This article explains how to add an instrument rating to your private pilot or commercial pilot certificate.
The instrument rating is one of the most useful, and difficult, ratings to get after you have your private pilot certificate. Many people also say that it makes you a much better pilot. When you can’t see outside because it is cloudy, foggy or hazy, or if you want to fly higher than 18,000 feet, you need an instrument rating. If you live in an area with lots of bad weather and/or you want to make a lot of business trips where you absolutely have to be there, you’ll want this one. Every airline pilot is instrument rated.

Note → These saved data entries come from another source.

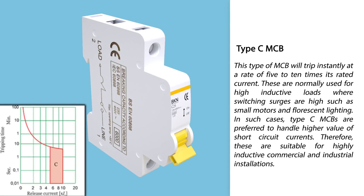Type C miniature circuit breaker: This type will trip instantly at a rate of 5 to 10 times its rated current. These are normally used for high inductive loads where switching surges are high, such as small motors and fluorescent lighting. In such cases, Type C is preferred to handle higher values of short circuit currents. Therefore, these are suitable for highly inductive commercial and industrial installations.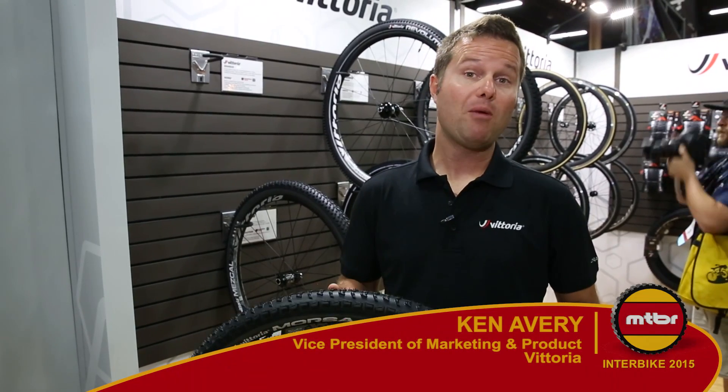Hey, my name's Ken Avery. I'm with Vittoria and I'm here to show you our new mountain bike tire line here at Interbike 2015.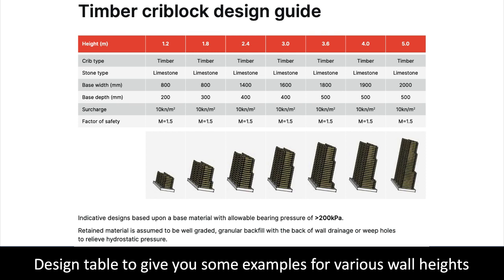The design table was developed to allow us to price up budgets. You can see how the wall changes with different heights. Please only use the guide for reference. Every retaining wall is built in different soil types and must be designed by a structural engineer. We can do this work for you on request.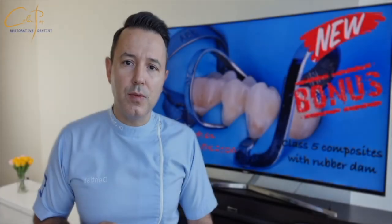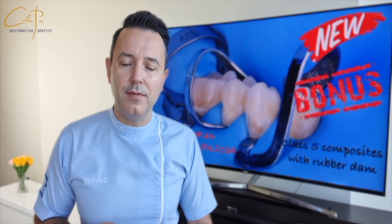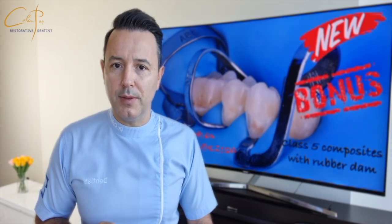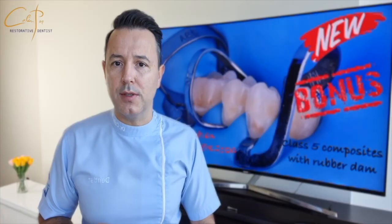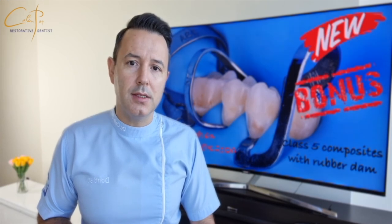Most of the time when treating class 5 caries with composites, the isolation with rubber dam is considered to be difficult, and very often dentists feel pushed to give up and use traditional methods like retraction cords to control the crevicular moisture. Cords can indeed be a solution to retract the soft tissue next to the cervical area, but we know that this is not enough.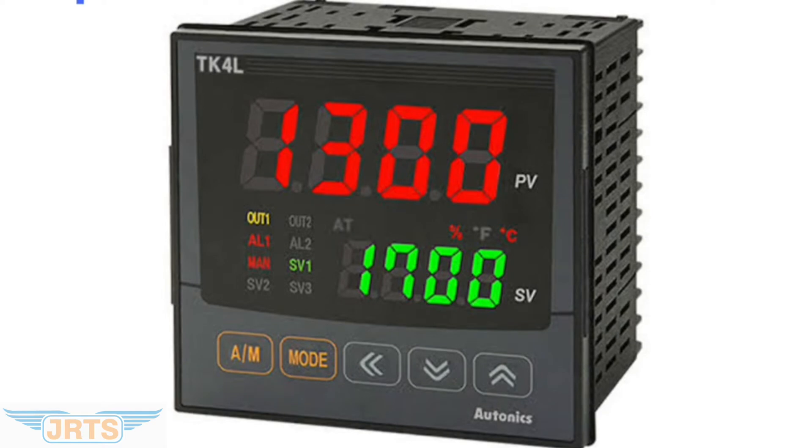Hi all, in this video we are going to see input selection of Atonix TK4L.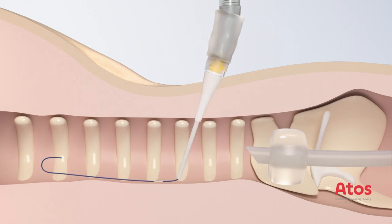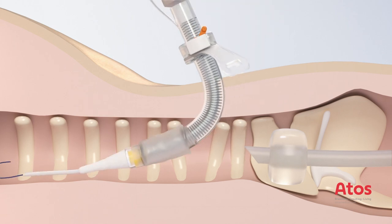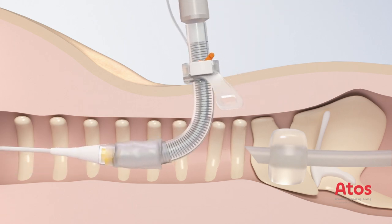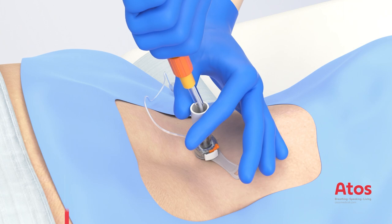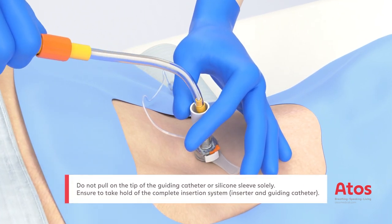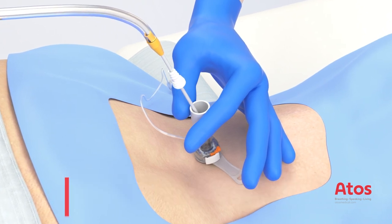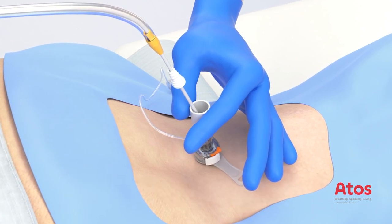Start the insertion vertically and place the tube in a controlled movement until the neck flange reaches skin level. Hold the 15mm connector — not the adjustable neck flange, as this is adjustable — with two fingers and remove the inserter, guiding catheter, and Seldinger guide wire.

You have to be at least 17 years old, speak English, pass a written exam and a flight exam. You will also need to already have a private pilot license (or at least be applying for it simultaneously) or a commercial pilot license.
Using a home study course and/or working with your flight instructor, you will have to learn about:
- Federal aviation regulations and Aeronautical Information Manual information related to IFR
- Air traffic control system and procedures for instrument flight operations
- IFR navigation and approaches by use of navigation systems, including VOR and GPS
- IFR en route and instrument approach procedure charts
- How to forecast weather from weather reports, forecasts and your own weather observations
- Safe and efficient operation of aircraft under instrument flight rules and conditions
- How to recognize critical weather situations and avoid wind shear
- Crew resource management, including crew communication and coordination
- How to make good decisions and exercise good judgment in flight
A flight instructor will fly with you to teach you:
- Preflight preparation, preflight and postflight procedures
- Air traffic control clearances and procedures
- How to fly just by looking at the instruments in the cockpit
- Navigation systems such as VORs and GPS
- Instrument approach procedures
- Properly handling emergency situations
You will need a minimum of 50 hours total cross country flight time acting as pilot in command, including 10 hours in an airplane or helicopter – as appropriate, 40 hours in real or simulated instrument conditions and 15 hours of flight instruction. (If you are pursuing your private pilot certificate simultaneously, you only need 45 total cross country hours in an airplane and 47 hours in a helicopter.)
The 15 hours of flight training need to include:
- for airplanes, a 250-nautical mile flight where you file a flight plan, use instrument approaches at each airport and three different kinds of approaches using navigation systems
- for helicopters, a 100-nautical mile flight where you file a flight plan, use instrument approaches at each airport and three different kinds of approaches using navigation systems
Also, 3 hours of the flight training must have been taken within 2 months of the flight exam.
There are also limitations on how many hours of training using a flight simulator or training device vs. in actual flight can be credited to the total hours required.
You’ll have to take a written test at an authorized flight test center and a flight test with an FAA examiner. The examiner will fly with you at your airport using the aircraft you’ve been training in.